Social Psychology Flashcards
What is internalisation?
A type of conformity when a person genuinely accepts the groups norms both privately and publicly. Likely to be permanent and also happens even when the other group members are not present.
What is identification?
Identification is a type of confirmity which occurs when a person identifies with a group that they value so publicly changes opinions/behaviour to achieve this goal. Privately they may not entirely agree.
What is compliance?
This is a type of confirmity involving “going along with others” in public but privately not changing perosnal opinions or behaviour. It is the most superficial type of confirmity and may stop as soon as group pressure stops.
What is ISI?
Informational social influence is an explanation for confirmity.
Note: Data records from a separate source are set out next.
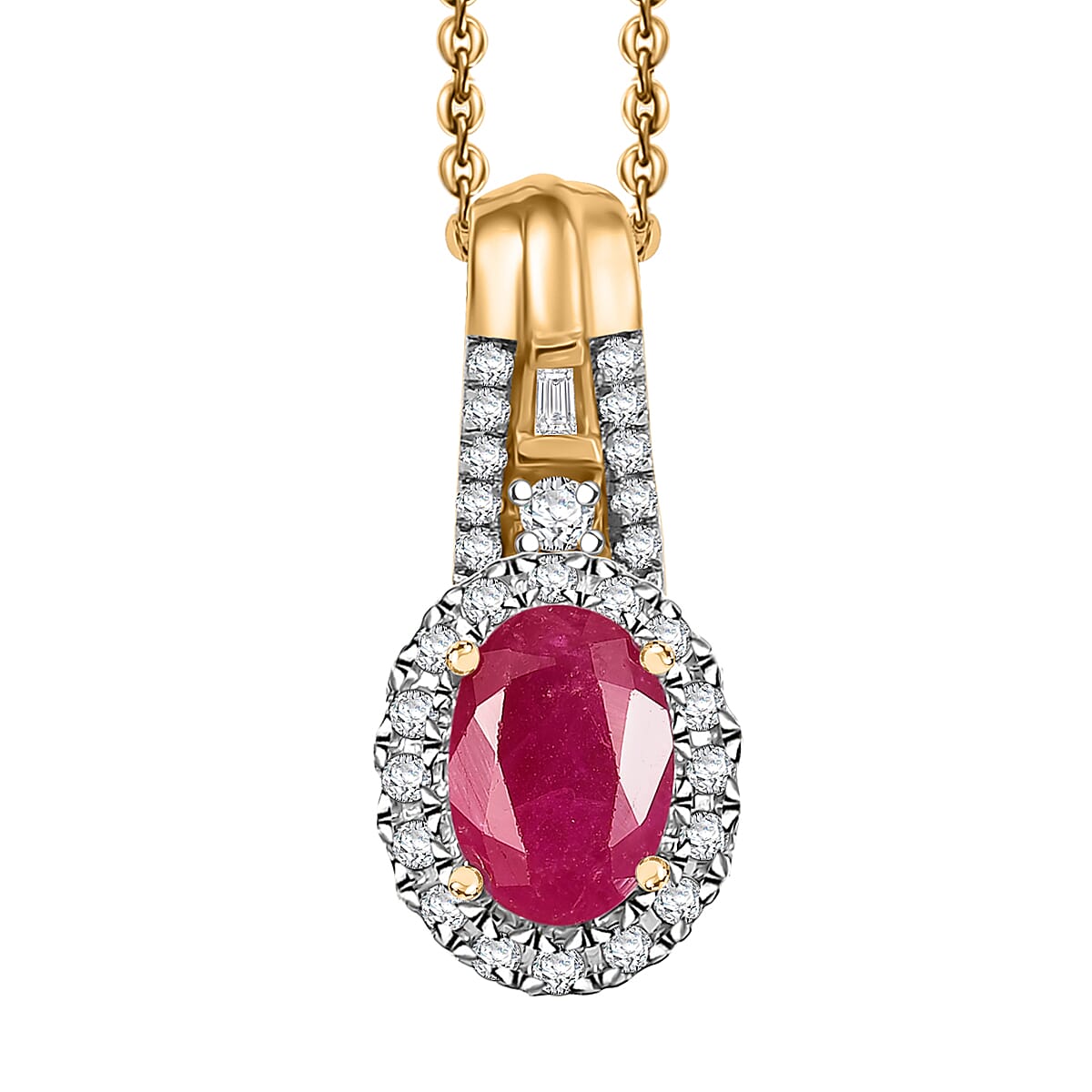 D'Joy AAA Royal Ruby and Diamond 1.40 ctw Halo Pendant Necklace in 18K Vermeil Yellow Gold Over Sterling Silver 20 Inches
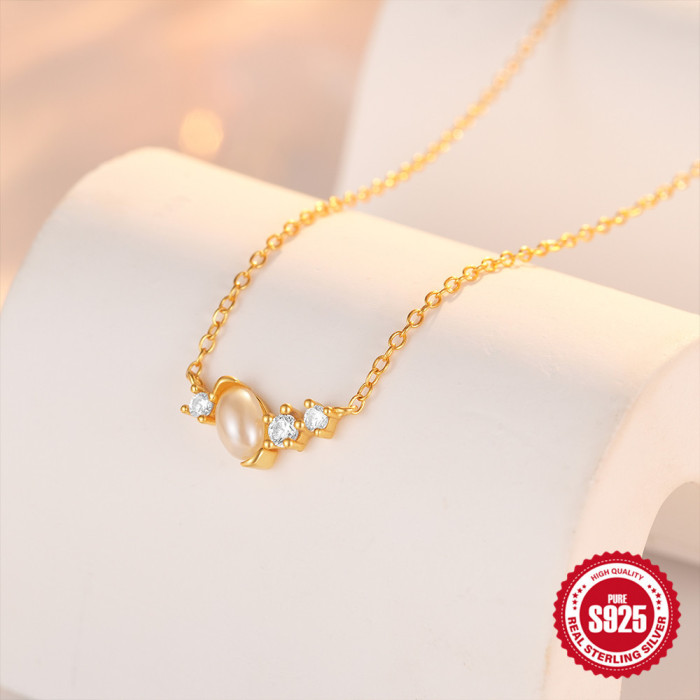 S925 Sterling Silver Geometric Shape Pearl Inlaid Diamond Women's Collarbone Necklace Korean Version Internet Celebrity Niche Design Collarbone Chain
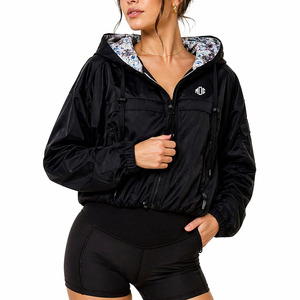 Custom Black Women's Cropped Windbreaker Packable Option <b>Lightweight</b> Hooded Zip Up Fitness Outerwear OEM Bomber <b>jacket</b> for men - Product Image 6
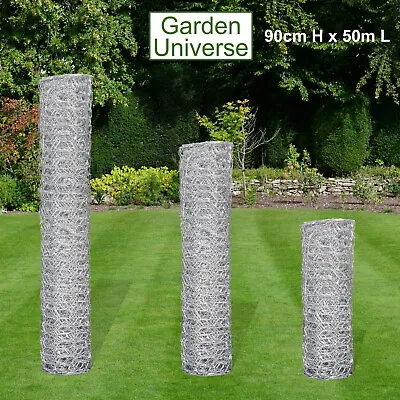 Chicken Wire Galvanised Garden Universe Mesh Fencing Poultry Rabbit Aviary W03-9 • £38.99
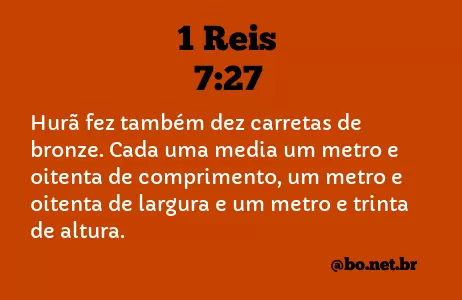 1 Reis 7:27 NTLH
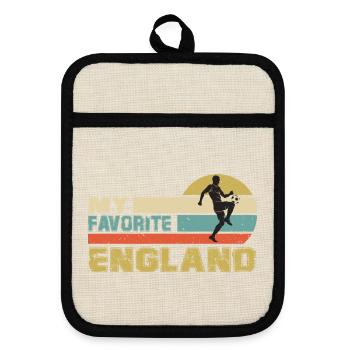 England Fußball Fussball Soccer 2022 - Topflappen mit Gummirückseite - Leinen/Schwarz  - Vorne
It says we agree with the opinion of the majority because we believe they have the correct information. It may lead to internalisation.
What is NSI?
Normative Social Influence is an explanation for confirmity that says we agree with the opinion of the majority because we want to be accepted/approved of/liked. It may lead to compliance.
What is research support for ISI?
Lucas et al asked students to give answers to mathematical problems that were easy or difficult. There was greater confirmity to incorrect answers when they were difficult rather than easy. This is a demonstration that people confirm in situations where they believe other people have the correct information.
*George Lucas is the director of Star Wars which uses lots of maths and physics.
What is a criticism of NSI?
NSI does not affect everyone’s behaviour in the same way. nAffiliators are people who have a greater need for being in some sort of relationship with others and are more likely to conform. (McGhee and Teevan found that students high in need of affiliation were more likely to conform)
*Ghee is an indian clarified cooking butter and tea is grown in India too.
What is a criticism of ISI and NSI as explanations for conformity?
The theory says that conformity is either due to NSI or ISI. But often both processes are involved.
What is the method of Asch’s experiment?
- 123 American male undergraduates
- Each naive participant tested with a group of 6-8 confederates
- First 6 trials confederates gave right answers then started making errors for the next 12 trials.
- All confederates gave the same wrong answer
- Trial = four lines on a card. Of the final three lines, only one was the same length as the first line and participants had to say which one was the same length.
What were the results of Asch’s experiment?
Naive participant gave a wrong ansewr 36.8% of the time. 25% of particpants did not conform at all which means 75% conformed at least once. When particpants were interviewed aftewards they said they conformed to avoid rejection (NSI).
What was Asch’s group size variation?
Asch repeated the experiment with different numbers of confederates. A majority of one or two didn’t have much effect but 3 or more exerted significant influence (no huge difference between three or more than three.)
What was Asch’s unanimity variation?
Asch aded a confederate who disagreed with the others, sometimes giving a right answer and sometimes a wrong answer. The presence of a dissenting confedarate reduced conformity by a quarter.
What is Asch’s task difficulty variation?
Asch made the line-judging task more difficult (i.e. more difficult to spot the line that was the same size as the first one). Conformity increased when the task was more difficult suggesting ISI plays a greater role in harder tasks.
What are 3 weaknesses of Asch’s study?
- A child of its time. Done in 1950s. Perrin and Spencer repeated it in 1980 with engineering students and only one student conformed. (Is this because they were engineering students or because it was 1980?)
- Artificial situation and task/demand characteristics.
- Limited application of findings - Asch only studied US men. Conformity rates are higher in collectivist cultures such as China.
What is the method of Zimbardo’s study?
- Set up a mock prison in basement at Stanford University
- Volunteer sample who were screened for emotional stability
- Randomly assigned roles of guards and prisoners
- ‘Prisoners’ arrested in their homes by local police. Blindfolded, strip-searched, deloused and issued a uniform and number
- Prisoners routines heavily regulated with 16 rules enforced by guards
- Prisoners only addressed by their number and not name.
- Guards had uniform, wooden clug, handcuffs, keys and mirror shades. Given complete control e.g. could even decide when prisoners went to the toilet.
What were the results of Zimbardo’s study?
- After a slow start, the guards became enthusiastic. They became a threat to the prisoners’ well being and the study was stopped after 6 days instead of 14.
- After two days the prisoners rebelled and the guards retaliated with fire extinguishers. Prisoners then became subdued and depressed.
- Frequent headcounts and frequent punishments and rule enforcements.
- One prisoner released on the first day and two on the fourth day due to showing signs of psychological disturbance.
- One prisoner went on hunger strike and was force fed and put him in a tiny dark closet.